For all the glory of touchdown passes and dramatic interceptions, perhaps the most common way of scoring in football games is often also the most ignored.
That is, until something in the kicking game goes awry -- something which it did last year for the Penn football team, to the tune of only seven made field goal in 20 attempts, and four missed extra points in 29 attempts.
Penn football coach Al Bagnoli called it "foreign territory" for a team that has had a number of first-team all-Ivy kickers in recent years.
Sophomore Derek Zoch would like to plead his case, however. This year's starting kicker, who was 2-of-5 on field goals and 6-of-7 on extra points last season, said that his job is not as easy as it might seem from the bleachers.
"Extra points are not 'gimmes,'" he said. "It's the same thing with a field goal, everything's out there."
Indeed, he argued, extra points are not supposed to be automatic.
"If if was that easy, they wouldn't have it," he said of extra points in particular. "They'd just say that a touchdown is worth seven points and walk off the field."
Still, Bagnoli expects improvement from the kicking game this season.
"I don't think it's unrealistic that we should be hitting 95 to 100 percent of extra points," he said.
This does not mean it is always the kicker's fault when the ball sails wide right, or left, or off a blocker's hand.
"The kicker always gets the brunt of the criticism," Bagnoli said. "But it could be the holder, it could be the protection, and it could be the snapper, and they've all got to work in unison."
Zoch emphasized the holder's role in the snap-hold-kick routine.
"You leave to go kick that ball as [the holder is] touching it," Zoch said. "So you're standing there, the snap goes and you're already on your way. You've got to put all your trust in the holder that the ball is going to be there."
That trust becomes established over plenty of field goal practice sessions, according to Bagnoli.
"It's practiced both in individual sessions, it's practiced in team, it's practiced under live" situations, Bagnoli said. "It's practiced under all different hash [marks] -- middle, it's practiced up close, it's practiced back, it's practiced with no timeouts left."
Zoch's lack of experience has made that practice all the more important. His backup, Braden Lepisto, is also a sophomore, but Bagnoli is not worried about that.
"We have two guys who are both young kids, so there are going to be growing pains with them," Bagnoli said. "But they are pretty talented, so hopefully, we can get things resolved."
Punts will also be handled by a sophomore, Anthony Melillo. If Zoch had big shoes to fill by following 2004 graduate Peter Veldman, Melillo has perhaps a bigger challenge -- succeeding 2005 graduate -- and first team all-Ivy League punter Josh Appell, whom Bagnoli described as one of Penn's "all-time best punters."
Last season, Appell punted the ball 56 times for an average of 40.9 yards per punt, and was blocked only once. Seventeen of those punts landed inside the opponent's 20-yard line.

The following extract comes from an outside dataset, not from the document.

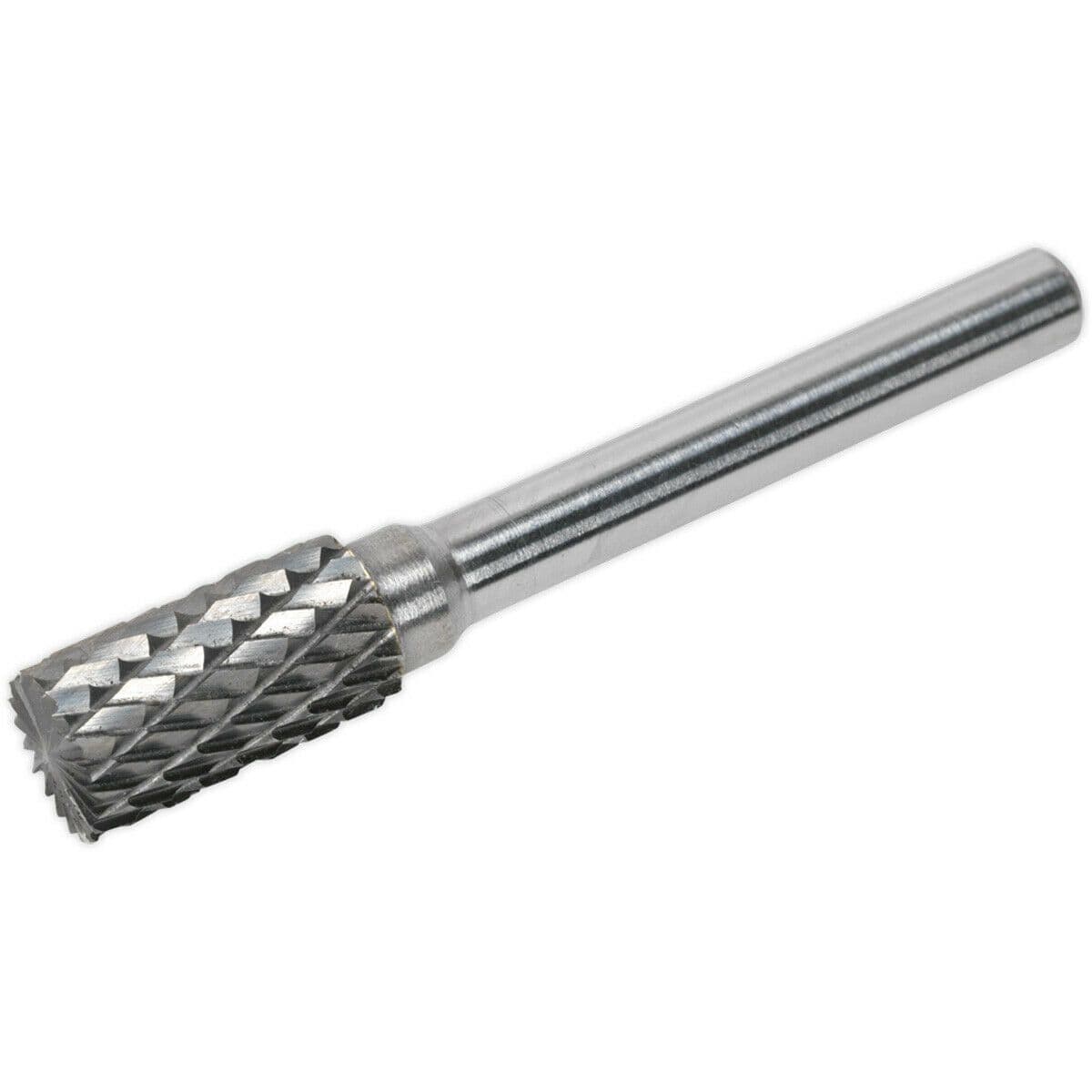 10mm Tungsten Carbide Rotary Burr Bit Cylindrical Front End Cut Engraving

In 2004, Appell punted the ball 53 times, of which four punts traveled 50 yards or more. He was named Ivy League Special Teams Player of the Week after punting the ball five times for a combined 207 yards against Columbia. Against Harvard, Appell punted the ball a season-high eight times in a 44-9 loss to the Crimson.
Bagnoli thinks Melillo has the potential to be just as good over the next few years as Appell was.
"I don't expect Anthony Melillo as a sophomore to be Josh Appell as a senior," Bagnoli said. "I think Anthony Melillo as a sophomore can be Josh Appell as a sophomore -- they both have that kind of ability; they both have that kind of leg."
For potential or otherwise, Penn's special teams will certainly not be ignored this season.